How are you structuring platform teams to support enterprise-wide AI adoption?

We’re seeing AI usage explode across our development teams—probably 80% of our engineers are using code generation tools at least weekly, and we have dozens of small pilot projects experimenting with ML models in different product areas. But we’re hitting a wall moving any of this into production at scale. Most pilots stay pilots, and the ones that do ship often become someone’s side project to maintain, with no real governance or monitoring.

Our platform engineering group has been focused on traditional DevOps—CI/CD pipelines, infrastructure-as-code, self-service cloud provisioning. Now leadership is asking us to enable AI adoption across the org, but we’re not sure where to start. Do we build a unified internal developer platform with AI primitives baked in? Do we treat ML infrastructure as a separate capability? How do we handle GPU orchestration, model registries, and agent governance when we’re still getting comfortable with Kubernetes?

Curious how other platform teams are approaching this. Are you embedding AI enablement into your existing IDP, or building parallel tracks? What’s actually working to get teams from experimentation to production systems that deliver business value?

Don’t ignore the cost dimension. Inference costs have dropped a lot, but training large models and running fleets of agents can still burn budget fast if you’re not careful. We’ve seen teams spin up expensive GPU instances for experiments and forget to tear them down, or deploy models that rack up API charges with no business justification. Self-service is great, but pair it with quota management, cost visibility dashboards, and automated cleanup policies. Otherwise finance will shut the whole thing down when they see the bill.

One thing we learned the hard way: don’t underestimate the complexity jump when you move from managing cloud services to managing hybrid AI workloads across cloud and on-prem. We went from thousands of services to way more overnight, and suddenly we needed topology-aware GPU placement, gang scheduling for multi-GPU jobs, and network tuning we’d never dealt with before. If you’re starting fresh, I’d recommend investing heavily in solid abstractions and automation—otherwise you’ll spend all your time firefighting infrastructure instead of enabling developers.

What I’ve found is that most teams aren’t blocked by technology—they’re blocked by unclear ownership and fragmented accountability. IT builds infrastructure, data science builds models, product defines requirements, and legal shows up after deployment asking hard questions. You need explicit ownership: who is responsible for model performance, who monitors for drift, who handles retraining, and who responds when something breaks? Without that clarity, production deployments stall because no one wants to be on the hook.

Governance is where most organizations stumble. You need centralized data cataloging, clear lineage tracking, and access controls that apply consistently whether teams are using models in the cloud or on-premises.

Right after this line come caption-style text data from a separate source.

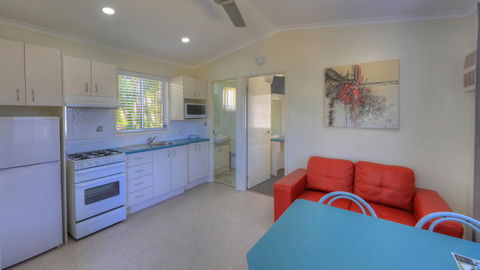 Alex Beach Cabins And Tourist Park - Accommodation NSW 22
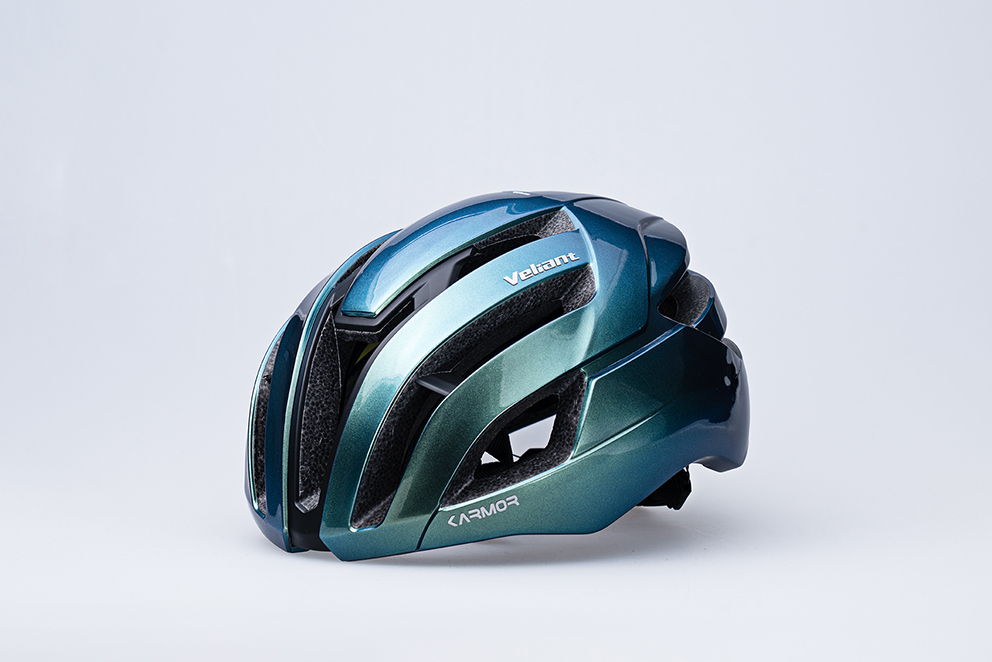 KARMOR ヘルメット、 最適なデザインと完璧なフィット感。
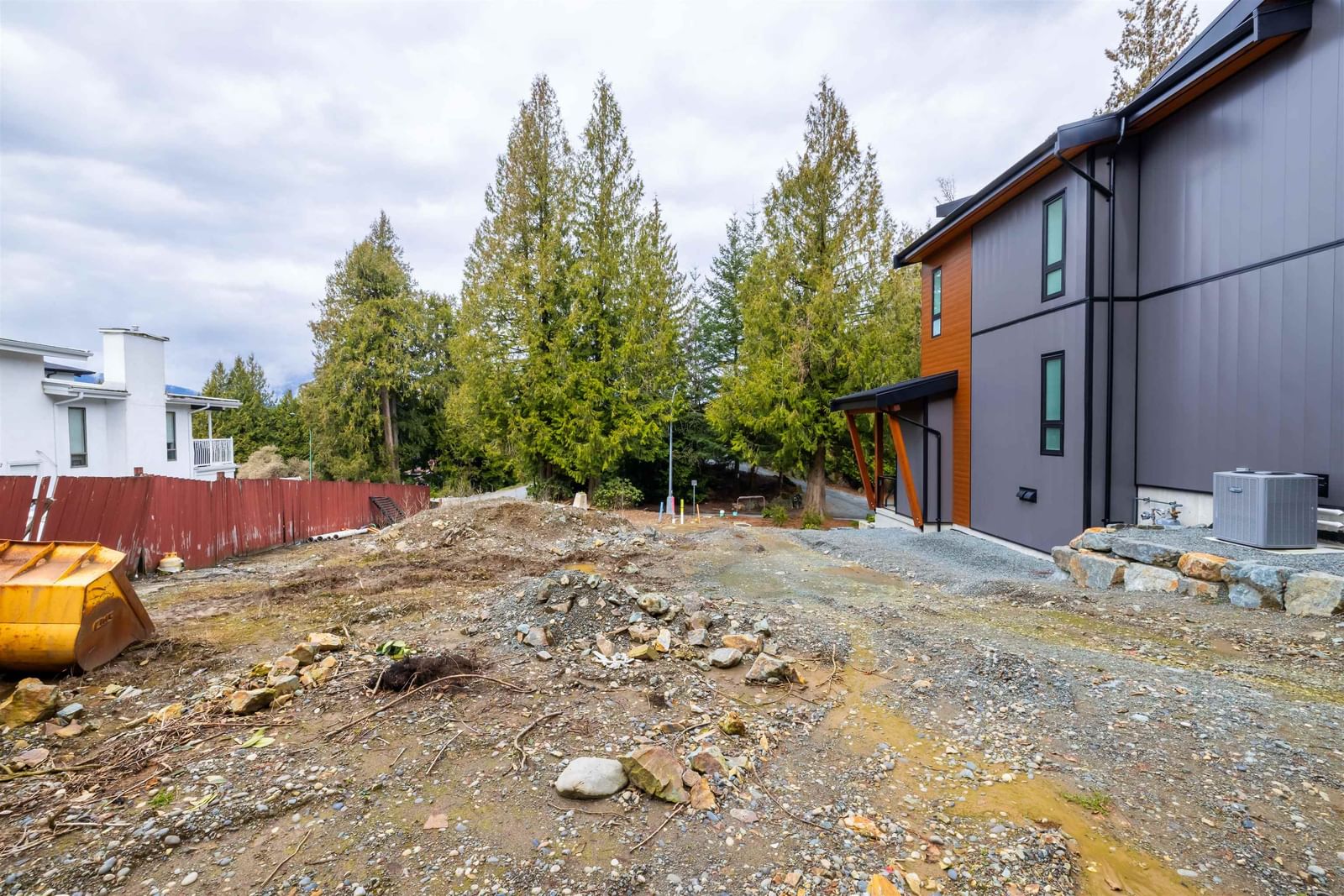 Listing Image 11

We set up a data governance account as a central hub—data engineers publish datasets there, and data science teams consume from that single source of truth. It sounds bureaucratic, but it’s the only way we’ve found to prevent shadow AI and compliance disasters. Also, make sure every AI agent or model has a unique identity and can be audited just like any other system component.

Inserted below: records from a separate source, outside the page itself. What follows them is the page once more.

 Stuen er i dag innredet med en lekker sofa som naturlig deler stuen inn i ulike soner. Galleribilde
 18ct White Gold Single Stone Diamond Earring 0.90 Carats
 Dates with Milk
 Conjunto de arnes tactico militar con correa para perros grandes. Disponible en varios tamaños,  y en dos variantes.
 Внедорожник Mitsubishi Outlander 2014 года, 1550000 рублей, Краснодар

Security and agent governance can’t be an afterthought. We’re already seeing early examples of ungoverned agents—bots pulling full datasets when they should have least-privilege access, agents connecting APIs without audit trails, shadow deployments outside IT oversight. The control plane approach makes sense: every agent gets a unique ID, operates in a sandboxed environment, and is subject to the same access policies as human users. If you’re building this from scratch, design identity and access management for agents from day one, not as a retrofit.

From a developer experience perspective, the biggest win has been providing natural-language interfaces and AI-assisted automation within our platform. Developers can describe what infrastructure they need in plain language, and the platform provisions it with guardrails already in place. That’s been way more impactful than telling people to read docs and fill out YAML. But you have to be careful—if the AI hallucinates or suggests the wrong config, trust evaporates fast. Rigorous evaluation and fallback mechanisms are non-negotiable.

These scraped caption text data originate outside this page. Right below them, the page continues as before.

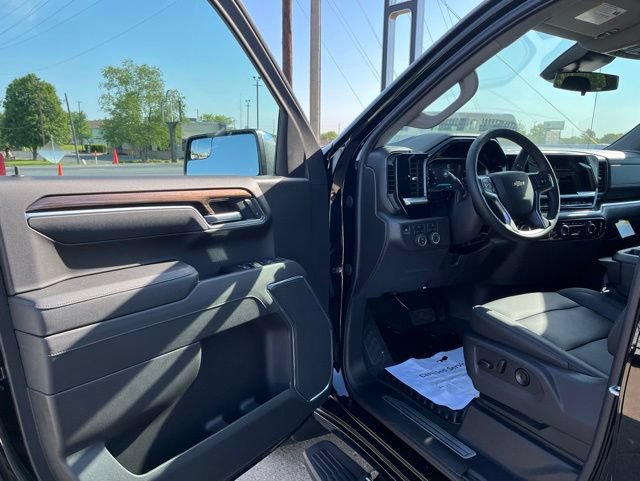 New 2026 Chevrolet Silverado 1500 LT w/ Leather Package AWD/4WD image 9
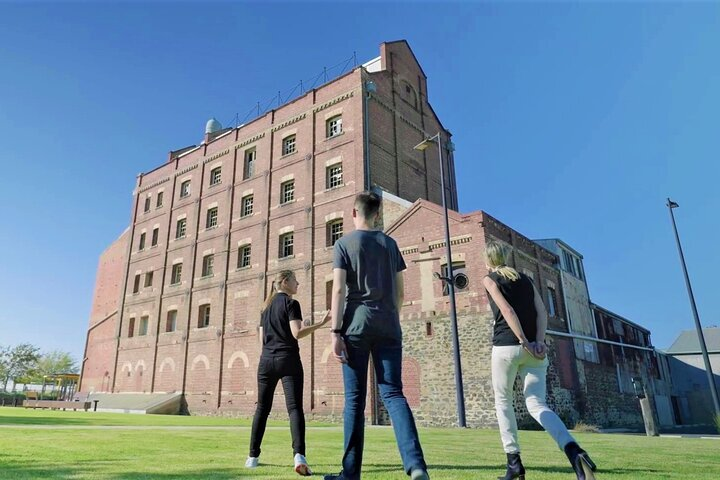 Port Adelaide Walking Tour - Photo 1 of 9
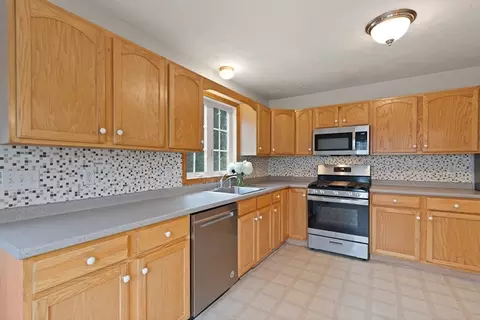 347 Laurel St #347, Bridgewater, MA 02324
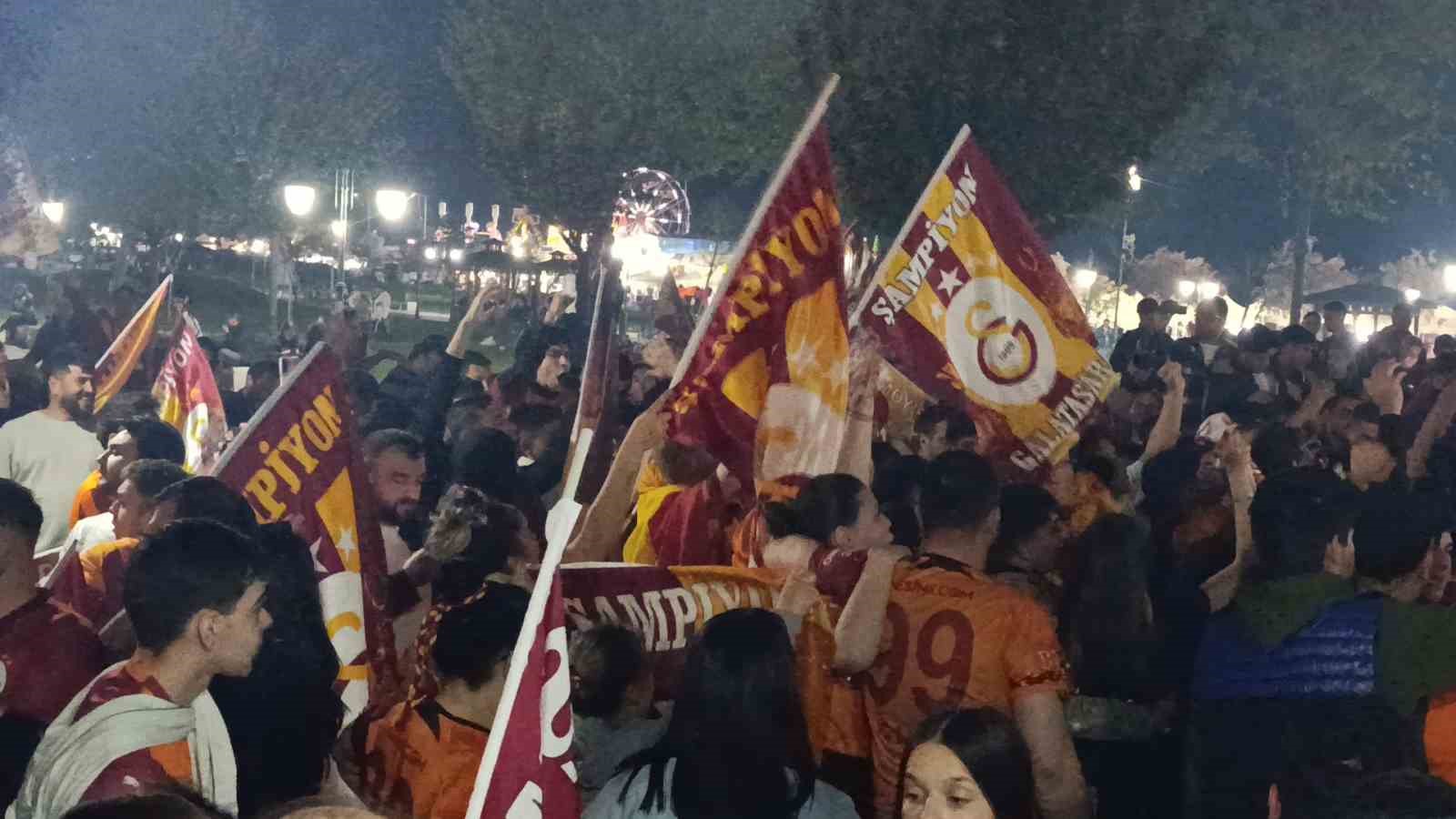 tekirdagda sari kirmizili sampiyonluk coskusu gece yarilarina kadar surdu 10 sLDZAV88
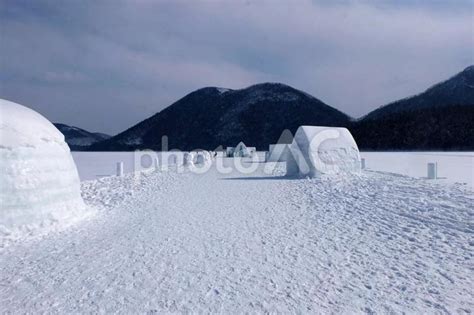 凍った湖の上に作られた氷と雪のかまくら No 24006134｜写真素材なら「写真ac」無料（フリー）ダウンロードok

We went through this exact transition last year. What worked for us was treating AI as infrastructure, not as a feature each team builds separately. We extended our existing IDP to provide self-service access to the full ML lifecycle: managed notebooks integrated with our data lake, standardized model training pipelines with GPU scheduling via Kueue, a central model registry, and deployment templates with monitoring hooks built in. The key was making it dead simple for data scientists to move from experiment to production without reinventing plumbing every time. We also created an architecture review process for new AI projects—not to slow people down, but to ensure they’re using consistent tooling and understand the governance requirements upfront. The result has been that pilots actually graduate now, because the path to production is paved and well-lit. Still plenty of work ahead on agent orchestration and observability, but at least we’re shipping models that deliver real value instead of accumulating proof-of-concepts that never deploy.